The recent case at Gwalior’s Scindia School shows that bullying, once indulgently called a rite of passage, is still a part of the boarding school ethos. Life in the dorms, say boarders, can get pretty brutal even now
I was called out after prep time when the housemasters and dormitory in-charges are asleep and roughed up quite badly. I had to be carried back to the dorm by classmates. My fault: I had my hands in my pocket while talking to Class XII boys.”
“No normal human being could perform a PD (punishment drill which includes dozens of rounds of the field, frog-hops and duck-walks, push-ups) without muscle failure setting in. When it did, you were punished more. I grew to fear the sensation of my body giving way.”
These are some of the milder stories from former boarders at prestigious residential schools in Dehradun and Darjeeling. They date back to the early 1990s. But it is clear from the recent case of ragging that drove an eighth-grader at Scindia School in Gwalior to attempt suicide that not much has changed in the interceding years.
Some years ago, filmmaker Anurag Kashyap, in a painful firstperson account in a news magazine, spoke of his traumatizing years as a bullied — and sexually abused — boarder at Scindia. “Scindia was hell for me,” he wrote. “The sexual abuse continued there for years. I hated myself. I couldn’t understand why it was happening to me. I was often picked out, beaten, then taken to the toilets. To save myself from the beatings, I’d give in to the abuse. Once I saw a senior abuse another junior. I spoke up about it. The repercussion was terrible. When I was in Class VII, I felt suicidal.”
Despite a slew of measures to stop incidents like these, boarders will tell you that being thrashed by seniors for perceived disrespect is quite common even today. “What happens in dormitories after lights out is common knowledge, even if it is not as overt as it was. A couple of years ago the entire Class XII batch descended upon the Class IX dorm and thrashed every single boy for making fun of the school captain,” says a student recently promoted to Class XII in a Dehradun boarding school.

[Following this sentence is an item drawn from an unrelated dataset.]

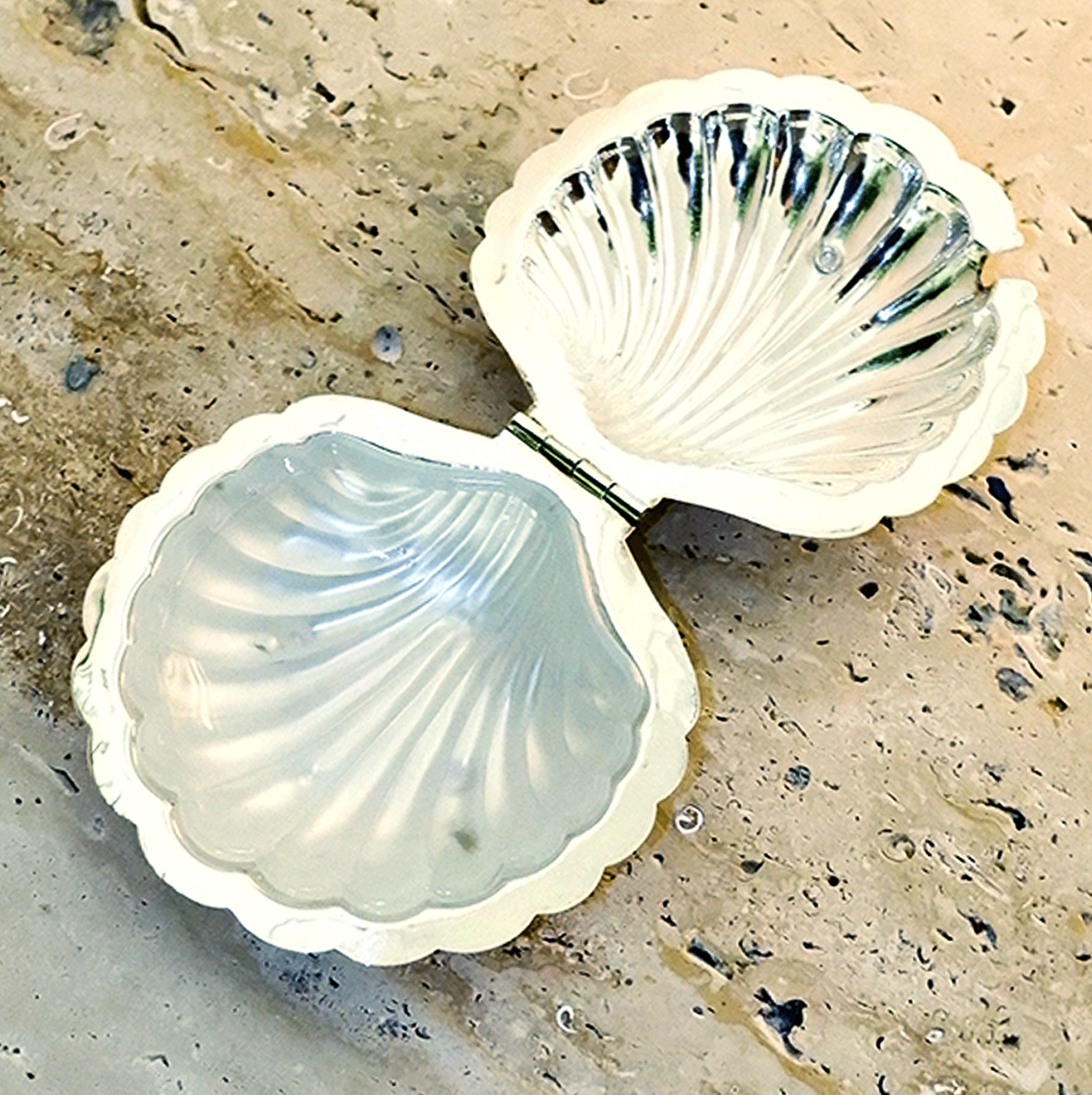Caviar Shells SILVER CAVIAR SHELL – MOLLUSC HOUSE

Another student from a Shimla residential school says there are now more inventive ways to escape detection: “Sometimes they put a bar of soap in a sock and hit with it. That doesn’t leave a single bruise on the body ,” he says. Housemasters are often guilty of looking the other way. “Most of the time, they choose to ignore what is happening till it gets really serious. And complaining is just not acceptable in our fraternity,” he says. Kabir Mustafi, eminent educationist and former principal of Bishop Cotton’s School, Shimla who has also studied and taught at St Paul’s, Darjeeling, agrees that the tradition of bullying is far from over. “It took a major incident at Scindia to bring the issue into focus -and outrageous instances of barbarism like these only prove that several smaller episodes like these keep happening. The first thing that school authorities should do is tell the students that `it happened to me, so I will dish out the same’ attitude is just not right. This rite of passage business must end.”
And it’s not that bullying doesn’t happen in day schools. But young children in boarding schools are more vulnerable since they have few support systems, points out Mumbai educationist Archana Joshi. “Snitches are ostracized and bullied even more by peers and seniors,” she says.
An alumnus of Mayo College, Ajmer, in the early ’90s, Abhinav Singh says that ragging was a rite of passage. “Seniors, especially the prefects, had enormous powers. They could batter you with hockey sticks and give you PD for small mistakes. And we faced it every single year of senior school until we got to Class XII. I was more scared of the prefects that I was of the teachers or my housemaster.”
Many believe that the strict senior-junior hierarchy and the `prefectorial system’ in boarding schools are partly to blame. “The school captain and prefects are basically children ruling ruthlessly over other children. Are teenagers ready for this sort of power?” asks a teacher who has served at Welham Boys, Dehradun.
Just how did residential schools evolve into institutions that promoted aggressive autocracy? Fagging, explains Mustafi, arrived in India along with the British. “There it was practised mainly in the army and public schools,” he says. “It was pretty mild and good-humoured until the early ’70s, but it kept getting worse until the turn of the century, when most of these boarding schools woke up to the dwindling numbers of students and made efforts to deal with the issue.”
Teachers and former students of these residential schools maintain that the menace has been more or less controlled over the years. Pratap Roy, former principal of Dr Graham’s Home, Kalimpong, says that until 15 years ago, prestigious residential schools in India followed outdated British traditions. “Today, a senior would have to face serious repercussions for hitting a junior,” he says.
Reverend Joy Halder, rector of St Paul’s School, Darjeeling, says his school “abolished” PD and asked students from different classes to live in the same dorms. “These days, prefects mostly give lines to erring students,” he says.
Boarding schools which once kept parents strictly at arm’s length -all they were allowed was a monthly letter from their kids -today allow them to be in constant touch. “The faculty is now required to regularly communicate with parents, usually via email and text,” says a teacher, who has been with several boarding schools
Prefects too are being groomed to drop their cliched role as despots. Rev Halder says prefects are regularly reminded of their responsibilities during leadership workshops.
There is a perception that institutions end up condoning bullying because they brush it under the carpet. Filmmaker Ashvin Kumar was taken to court by his almamater, The Doon School, who alleged that his film Dazed in Doon, a coming-of-age story that had a scene of bullying in it, damaged the school’s reputation. The film was withdrawn and finally destroyed by the school. “You can’t have a zero-tolerance policy towards bullying without first acknowledging that it exists,” he says.
Boarding school bullies are obviously far from extinct. A note posted on Mayo College website says that five Class XII boys “have been asked to leave school immediately” for manhandling a Class XI student early this month. It’s how the school deals with them that makes the difference.